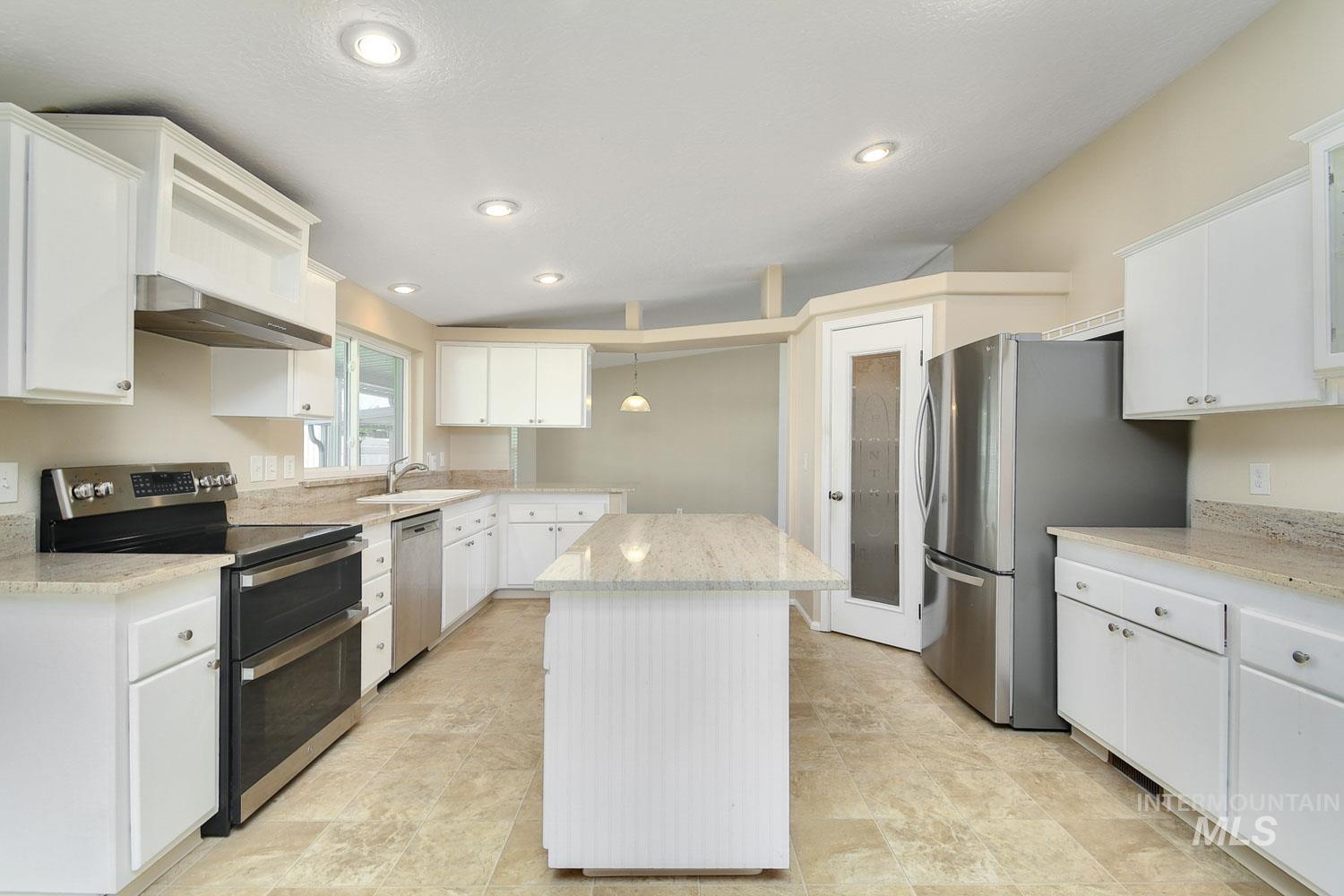 7944 W Manassas Ln, Garden City, Idaho 83714, 4 Bedrooms, 2 Bathrooms, Residential For Sale, Price $189,000, 98980943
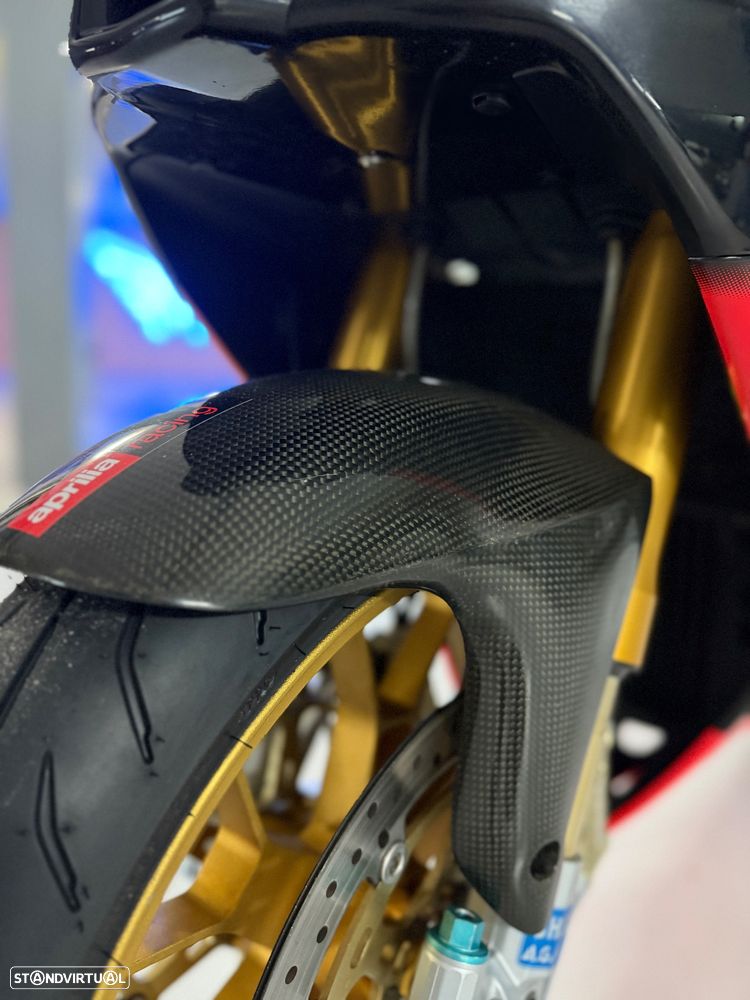 Aprilia RSV Factory RR - 9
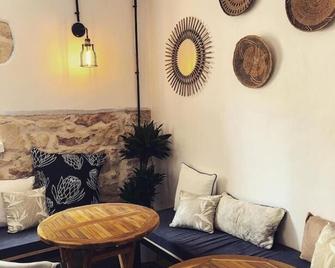 Kumba Hostel - Chania - Living room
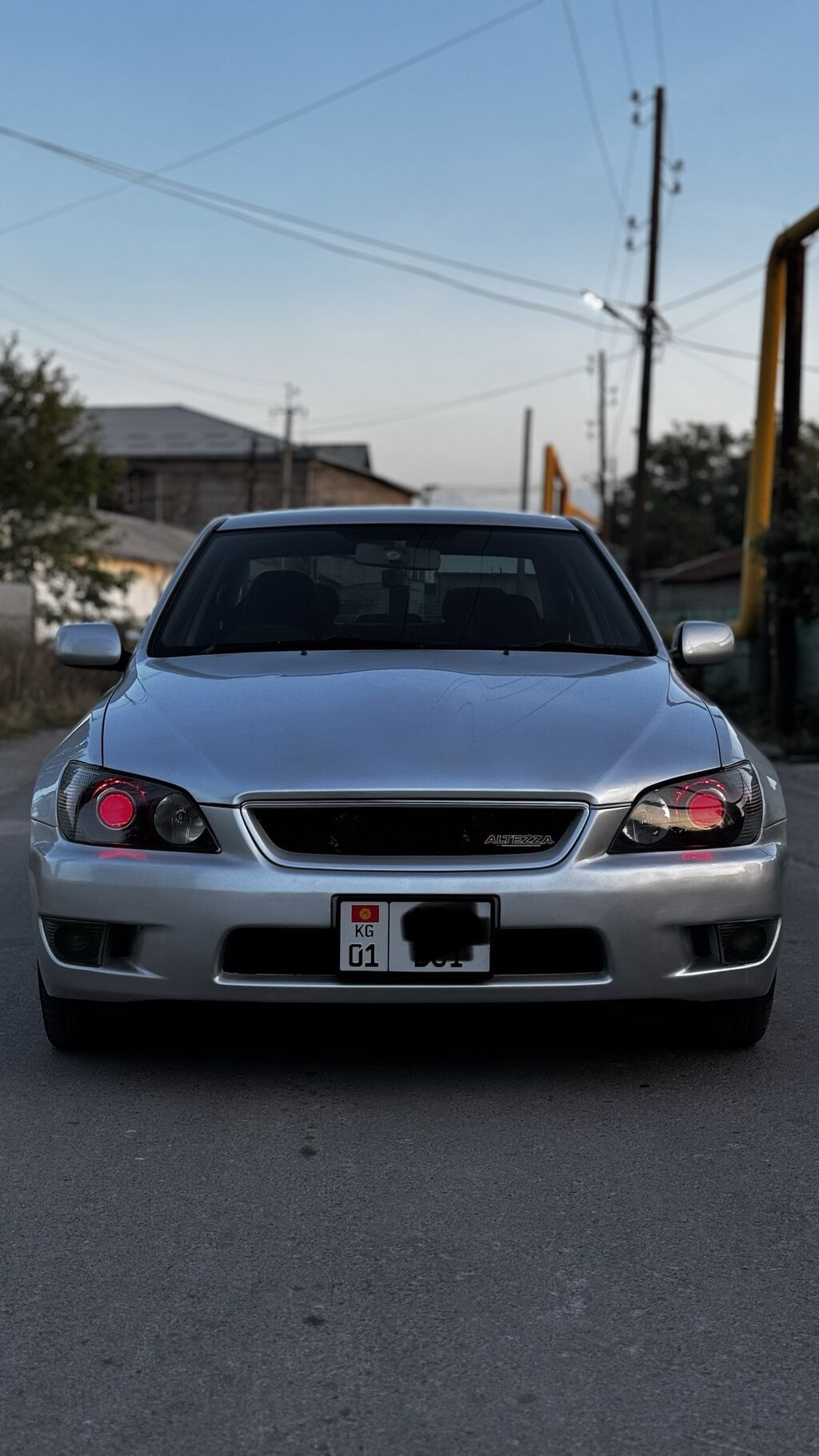 Toyota Altezza: 2002 г., 2 л, Автомат, Бензин, Седан: фото 3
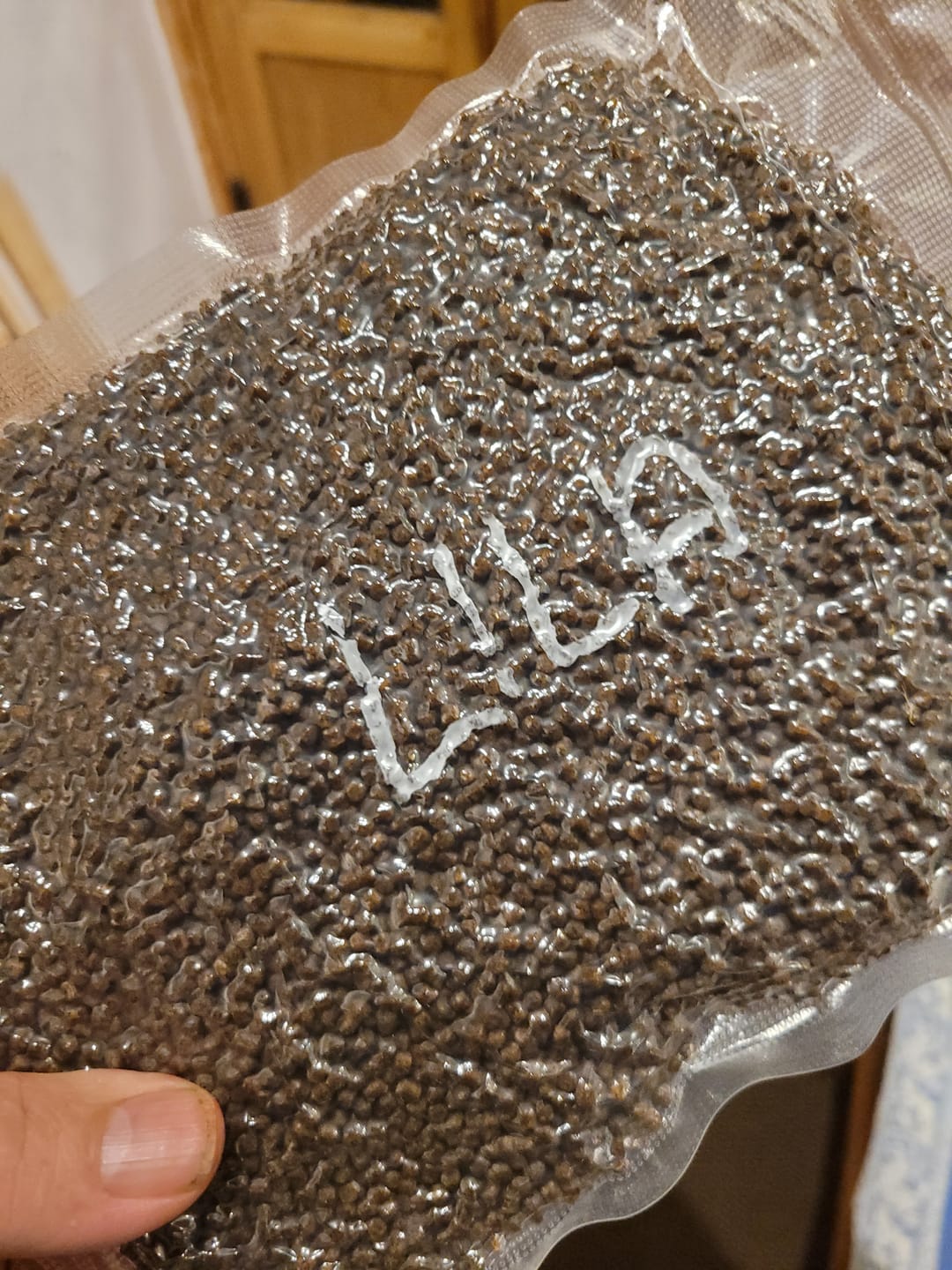 Customer photo review of CARPE EXTRUDEE (PURPLE PELLET)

================================

▸ **Try it**
All the records need to be set down word for word, with the images left out.

▸ **Solution to this task**
 7944 W Manassas Ln, Garden City, Idaho 83714, 4 Bedrooms, 2 Bathrooms, Residential For Sale, Price $189,000, 98980943
 Aprilia RSV Factory RR - 9
 Kumba Hostel - Chania - Living room
 Toyota Altezza: 2002 г., 2 л, Автомат, Бензин, Седан: фото 3
 Customer photo review of CARPE EXTRUDEE (PURPLE PELLET)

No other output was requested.